Des syndicats prudents sur la question de la radicalisation
Pour les confédérations, qui craignent particulièrement l'infiltration de salariés radicalisés au sein même des organisations syndicales, le sujet est sensible. Début décembre, Philippe Martinez, le patron de la CGT, expliquait que sa centrale avait dû exclure plusieurs «intégristes islamistes» au sein de son syndicat chez Air France. La RATP est aussi ciblée, mais également d'autres secteurs comme celui du nettoyage. «Un sujet embarrassant, mais qui a toujours existé de manière très localisée, note Franck Mikula de la CGC. Certaines sections syndicales caressent des communautés dans le sens du poil, puis s'en mordent les doigts. Dans certaines conditions, il y a des communautés qui ont le droit d'être défendues, mais il faut des limites.»

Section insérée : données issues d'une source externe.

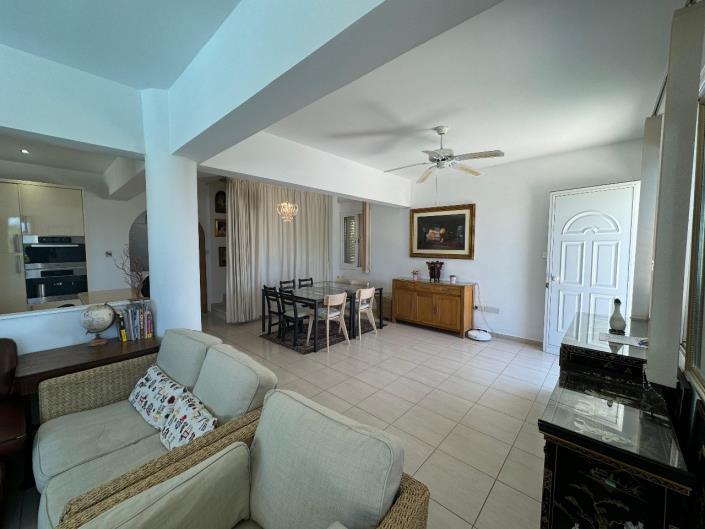 Image No.27-4 Bed Villa / Detached for sale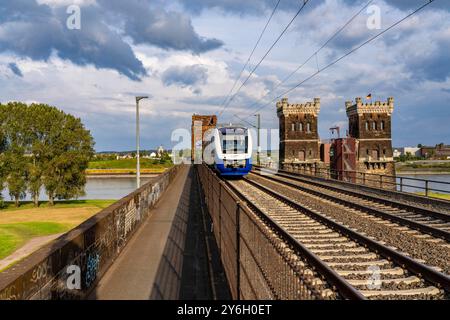 Die Eisenbahnbrücke Duisburg-Hochfeld-Rheinhausen, über den Rhein, Regionalzüge und viele Güterzüge queren hier den Rhein, von 1950, Stahl Fachwerkbrücke, Duisburg, NRW, Deutschland, Eisenbahnbrücke DU *** die Eisenbahnbrücke Duisburg Hochfeld Rheinhausen, über den Rhein, Regionalzüge und viele Güterzüge überqueren hier den Rhein, ab 1950, Stahlfachwerkbrücke, Duisburg, NRW, Deutschland, Eisenbahnbrücke DU Stockfoto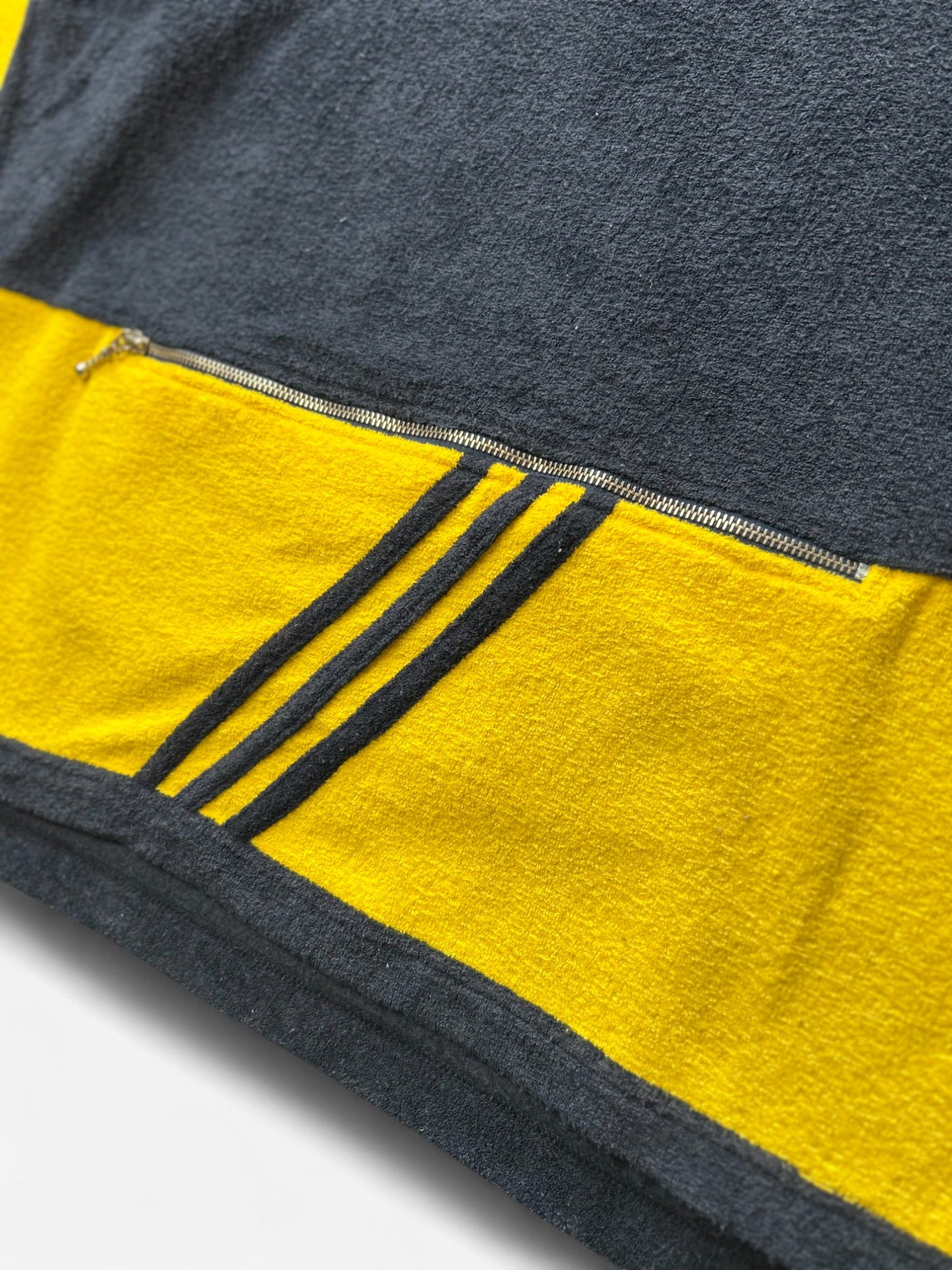 Adidas Navy and Yellow Striped Fleece (XXL)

Gare donc à l'«emballement», ajoute Jean-Louis Malys : «Dire qu'il faut signaler les barbus, cela peut être dangereux. Le risque, c'est que ça tourne à la délation. Si on se méfie les uns des autres, cela va favoriser la division et on n'a pas besoin de cela.» Même discours de la CGT : «Il ne faut pas tout mélanger. Il s'agit de questions profondes qui méritent un véritable état des lieux. Et puis, la ministre semble dire que c'est de la responsabilité de chacun. Mais faire la chasse aux salariés radicalisés, je ne crois pas que ce soit notre rôle.»
Une pondération dont n'a pas fait preuve Geoffroy Roux de Bézieux, vice-président du Medef - même si l'organisation patronale affiche aujourd'hui un discours de prudence. Quatre jours après les attentats, il affirmait ainsi : «[Quand] quelqu'un refuse de travailler sous les ordres d'une femme ou de serrer la main d'une femme […], le devoir du chef d'entreprise, après avoir fait les remarques nécessaires, c'est de signaler à la police ce comportement.» Une position plutôt proche de celle de la CGPME, dont l'enquête, publiée fin novembre, a fait remonter plusieurs demandes de ses adhérents, comme la mise en place «d'un numéro vert signalement», la vérification de «l'antériorité des salariés» lors de la déclaration préalable à l'embauche, ou encore le souhait d'être «prévenu si un de ses salariés fait l'objet d'une fiche S».
Autant de sujets repoussés à une prochaine réunion du comité de suivi, en janvier.